[Stored data entries]
◆ ◆ ◆ ◆ ◆ ◆ ◆
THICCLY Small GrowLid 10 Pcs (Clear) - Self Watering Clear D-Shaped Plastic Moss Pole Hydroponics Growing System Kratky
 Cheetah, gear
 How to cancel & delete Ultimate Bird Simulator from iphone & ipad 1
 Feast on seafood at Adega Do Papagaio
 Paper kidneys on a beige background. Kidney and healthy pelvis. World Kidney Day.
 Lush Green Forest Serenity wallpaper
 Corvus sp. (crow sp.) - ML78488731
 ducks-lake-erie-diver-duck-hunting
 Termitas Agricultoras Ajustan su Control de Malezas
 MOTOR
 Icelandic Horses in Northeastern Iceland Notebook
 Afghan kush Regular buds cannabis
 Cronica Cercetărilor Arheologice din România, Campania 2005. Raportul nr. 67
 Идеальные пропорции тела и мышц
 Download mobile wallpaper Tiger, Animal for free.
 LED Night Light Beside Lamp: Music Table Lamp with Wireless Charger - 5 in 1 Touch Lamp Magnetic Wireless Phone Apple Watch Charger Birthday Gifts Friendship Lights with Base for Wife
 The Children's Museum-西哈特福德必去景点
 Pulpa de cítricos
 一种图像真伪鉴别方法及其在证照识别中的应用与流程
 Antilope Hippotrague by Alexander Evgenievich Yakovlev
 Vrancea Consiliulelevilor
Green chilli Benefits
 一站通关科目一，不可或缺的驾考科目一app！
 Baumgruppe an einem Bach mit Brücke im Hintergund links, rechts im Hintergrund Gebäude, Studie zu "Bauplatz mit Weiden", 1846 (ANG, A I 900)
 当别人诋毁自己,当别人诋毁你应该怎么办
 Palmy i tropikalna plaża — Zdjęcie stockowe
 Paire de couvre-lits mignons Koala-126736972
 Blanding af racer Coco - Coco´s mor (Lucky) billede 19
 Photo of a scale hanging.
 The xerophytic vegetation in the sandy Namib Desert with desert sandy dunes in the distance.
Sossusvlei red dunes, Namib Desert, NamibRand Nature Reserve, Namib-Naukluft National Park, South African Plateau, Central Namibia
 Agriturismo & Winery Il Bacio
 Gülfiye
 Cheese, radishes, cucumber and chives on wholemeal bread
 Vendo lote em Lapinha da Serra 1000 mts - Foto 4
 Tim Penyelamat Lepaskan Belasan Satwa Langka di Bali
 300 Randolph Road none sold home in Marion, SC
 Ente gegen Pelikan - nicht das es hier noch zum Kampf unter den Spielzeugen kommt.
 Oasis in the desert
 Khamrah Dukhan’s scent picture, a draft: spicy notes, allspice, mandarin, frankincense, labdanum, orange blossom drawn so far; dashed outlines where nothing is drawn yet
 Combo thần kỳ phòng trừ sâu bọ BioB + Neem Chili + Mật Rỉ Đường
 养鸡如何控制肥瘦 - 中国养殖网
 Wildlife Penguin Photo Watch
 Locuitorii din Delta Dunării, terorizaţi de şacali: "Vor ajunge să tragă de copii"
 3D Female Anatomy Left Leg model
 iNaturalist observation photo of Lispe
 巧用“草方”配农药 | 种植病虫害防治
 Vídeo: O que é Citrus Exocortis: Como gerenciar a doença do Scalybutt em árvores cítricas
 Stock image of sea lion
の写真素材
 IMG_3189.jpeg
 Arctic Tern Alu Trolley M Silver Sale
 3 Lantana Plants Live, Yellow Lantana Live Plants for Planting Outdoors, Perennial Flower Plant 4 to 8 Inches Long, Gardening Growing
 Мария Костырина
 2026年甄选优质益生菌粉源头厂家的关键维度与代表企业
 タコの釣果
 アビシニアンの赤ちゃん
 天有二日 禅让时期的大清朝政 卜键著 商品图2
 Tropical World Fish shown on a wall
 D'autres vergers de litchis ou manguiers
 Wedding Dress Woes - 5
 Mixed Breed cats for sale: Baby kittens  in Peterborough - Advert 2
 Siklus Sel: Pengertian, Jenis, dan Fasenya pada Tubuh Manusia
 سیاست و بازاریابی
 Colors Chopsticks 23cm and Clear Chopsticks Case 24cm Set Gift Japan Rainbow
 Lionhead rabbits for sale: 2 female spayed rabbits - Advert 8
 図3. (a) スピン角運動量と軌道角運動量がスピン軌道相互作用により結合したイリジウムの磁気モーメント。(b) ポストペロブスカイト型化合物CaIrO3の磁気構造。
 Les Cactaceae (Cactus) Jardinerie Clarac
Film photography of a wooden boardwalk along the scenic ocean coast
◆ ◆ ◆ ◆ ◆ ◆ ◆
Exercise details: Please copy out the preceding data in full, exactly as written.

Response:
THICCLY Small GrowLid 10 Pcs (Clear) - Self Watering Clear D-Shaped Plastic Moss Pole Hydroponics Growing System Kratky
 Cheetah, gear
 How to cancel & delete Ultimate Bird Simulator from iphone & ipad 1
 Feast on seafood at Adega Do Papagaio
 Paper kidneys on a beige background. Kidney and healthy pelvis. World Kidney Day.
 Lush Green Forest Serenity wallpaper
 Corvus sp. (crow sp.) - ML78488731
 ducks-lake-erie-diver-duck-hunting
 Termitas Agricultoras Ajustan su Control de Malezas
 MOTOR
 Icelandic Horses in Northeastern Iceland Notebook
 Afghan kush Regular buds cannabis
 Cronica Cercetărilor Arheologice din România, Campania 2005. Raportul nr. 67
 Идеальные пропорции тела и мышц
 Download mobile wallpaper Tiger, Animal for free.
 LED Night Light Beside Lamp: Music Table Lamp with Wireless Charger - 5 in 1 Touch Lamp Magnetic Wireless Phone Apple Watch Charger Birthday Gifts Friendship Lights with Base for Wife
 The Children's Museum-西哈特福德必去景点
 Pulpa de cítricos
 一种图像真伪鉴别方法及其在证照识别中的应用与流程
 Antilope Hippotrague by Alexander Evgenievich Yakovlev
 Vrancea Consiliulelevilor
Green chilli Benefits
 一站通关科目一，不可或缺的驾考科目一app！
 Baumgruppe an einem Bach mit Brücke im Hintergund links, rechts im Hintergrund Gebäude, Studie zu "Bauplatz mit Weiden", 1846 (ANG, A I 900)
 当别人诋毁自己,当别人诋毁你应该怎么办
 Palmy i tropikalna plaża — Zdjęcie stockowe
 Paire de couvre-lits mignons Koala-126736972
 Blanding af racer Coco - Coco´s mor (Lucky) billede 19
 Photo of a scale hanging.
 The xerophytic vegetation in the sandy Namib Desert with desert sandy dunes in the distance.
Sossusvlei red dunes, Namib Desert, NamibRand Nature Reserve, Namib-Naukluft National Park, South African Plateau, Central Namibia
 Agriturismo & Winery Il Bacio
 Gülfiye
 Cheese, radishes, cucumber and chives on wholemeal bread
 Vendo lote em Lapinha da Serra 1000 mts - Foto 4
 Tim Penyelamat Lepaskan Belasan Satwa Langka di Bali
 300 Randolph Road none sold home in Marion, SC
 Ente gegen Pelikan - nicht das es hier noch zum Kampf unter den Spielzeugen kommt.
 Oasis in the desert
 Khamrah Dukhan’s scent picture, a draft: spicy notes, allspice, mandarin, frankincense, labdanum, orange blossom drawn so far; dashed outlines where nothing is drawn yet
 Combo thần kỳ phòng trừ sâu bọ BioB + Neem Chili + Mật Rỉ Đường
 养鸡如何控制肥瘦 - 中国养殖网
 Wildlife Penguin Photo Watch
 Locuitorii din Delta Dunării, terorizaţi de şacali: "Vor ajunge să tragă de copii"
 3D Female Anatomy Left Leg model
 iNaturalist observation photo of Lispe
 巧用“草方”配农药 | 种植病虫害防治
 Vídeo: O que é Citrus Exocortis: Como gerenciar a doença do Scalybutt em árvores cítricas
 Stock image of sea lion
の写真素材
 IMG_3189.jpeg
 Arctic Tern Alu Trolley M Silver Sale
 3 Lantana Plants Live, Yellow Lantana Live Plants for Planting Outdoors, Perennial Flower Plant 4 to 8 Inches Long, Gardening Growing
 Мария Костырина
 2026年甄选优质益生菌粉源头厂家的关键维度与代表企业
 タコの釣果
 アビシニアンの赤ちゃん
 天有二日 禅让时期的大清朝政 卜键著 商品图2
 Tropical World Fish shown on a wall
 D'autres vergers de litchis ou manguiers
 Wedding Dress Woes - 5
 Mixed Breed cats for sale: Baby kittens  in Peterborough - Advert 2
 Siklus Sel: Pengertian, Jenis, dan Fasenya pada Tubuh Manusia
 سیاست و بازاریابی
 Colors Chopsticks 23cm and Clear Chopsticks Case 24cm Set Gift Japan Rainbow
 Lionhead rabbits for sale: 2 female spayed rabbits - Advert 8
 図3. (a) スピン角運動量と軌道角運動量がスピン軌道相互作用により結合したイリジウムの磁気モーメント。(b) ポストペロブスカイト型化合物CaIrO3の磁気構造。
 Les Cactaceae (Cactus) Jardinerie Clarac
Film photography of a wooden boardwalk along the scenic ocean coast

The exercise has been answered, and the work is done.